クロアのEDはどれも好きですが、主従カプスキーなので騎士EDが一番好きです。 

騎士としてマルグリートの傍にあることを選択したクロアと女王になりながらもクロアに操を立てて生涯独身を通したマルグリートの切なさが堪らない……。

初出:2002/08/11

文字数:3869文字

 

我が身はペルシオンに忠誠を誓った。 

生涯をかけて、この国の為に尽くして生きると。 

されど、この心は唯一人に捧げた。 

我が君マルグリート様。 

全てを掛けてお守りする、誰より何より大切なお方。 

あの方のお傍にあることこそが、私の存在意義であり、誇りであった。 

若き日に、神前で剣に誓いをたてたあの時から、騎士として仕え、深く結ばれた時より、一人の人間として貴女に接してきた。 

例え、死が訪れようとも、私は貴女を……貴女だけを。 

 

行けますか?  

 

私は……僕は。 

 

再び、貴女のところに行けますか? 

 

*** 

 

「………………でございますから……おそらくは……今夜……」 

「……そうか……もう……」 

 

微かな意識の中で、医師と陛下の話される声が聞こえた。 

全ては聞き取れなかったが、もう自分は長くはないという事だろう。 

そう、とうに解っていたことだった。 

マルグリート様がお亡くなりになってから三年近い。 

これでようやく私もあの方の御許に行くことが出来る。 

あの方を失ってからの三年は、酷く空虚なものだった。 

生きてきた期間より長く感じたことさえある。 

僅かに開けていた目を閉じて、ふと遥かな昔に思いを馳せた。 

初めて、遠巻きにマルグリート様を拝し、騎士を目指したこと。 

初めて、直接お会いすることが出来た時のこと。 

念願の騎士になれ、マルグリート様の前で誓いを立てた時のこと。 

そして初めて……肌を重ねた時のこと。 

まだ、何もかもが昨日の事のように鮮明に思い出せる。 

あの方の笑顔も、声も、仕草も、髪の香りも、肌の感触も、温かさも。 

全て忘れようはずもない。 

あの方が私の全てだったのだから。 

今だって、死ぬことに恐怖を感じていない。 

マルグリート様を失った時を思えば、寧ろほっとさえしていると言ってもいい。 

ペルシオンは良い国だ。 

マルグリート様の跡を継がれた現陛下は、聡明で本当に民を思いやることが出来るお方。 

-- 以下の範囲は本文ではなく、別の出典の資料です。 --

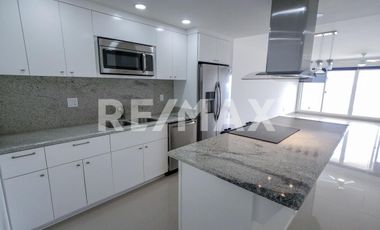 BEAUTIFUL NEW BEACH FRONT VILLA IN THE BEST DEVELOPMENT IN ROSARITO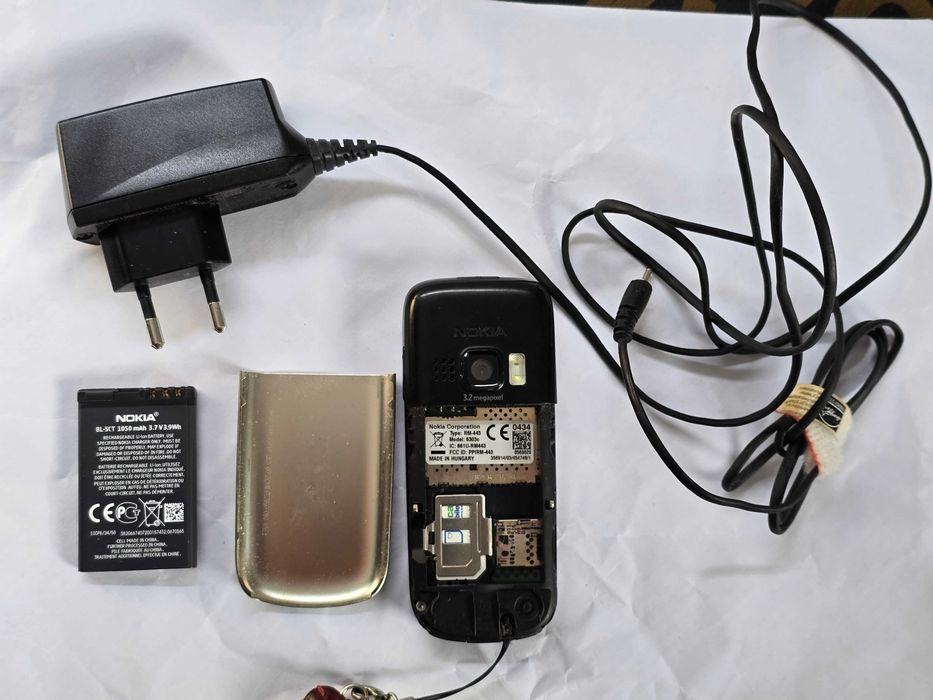 Мобилен телефон Нокия 6303 c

マルグリート様と同じ血を継いでいらっしゃるだけあって、良く似ておいでだ。 

不敬ながら……息子のようにさえ思ってきた。 

あの方が治める限り、この国は大丈夫だ。 

あんなにお小さかった方が、今ではとても頼もしく感じる。 

…………ああ、こういうのを走馬灯のように、というのだろうか。 

 

マルグリート様。我が君。 

貴女は私がお傍にいくのを許してくださるでしょうか。 

タナトスの剣を携え、王城に戻り選択を迫られた時。 

貴女は心の底では私が王となる選択を望まれていらしたかも知れない。 

けれど、私は王の器などではなく、伴侶として共に国を治めることは、恐れ多くて出来なかった。 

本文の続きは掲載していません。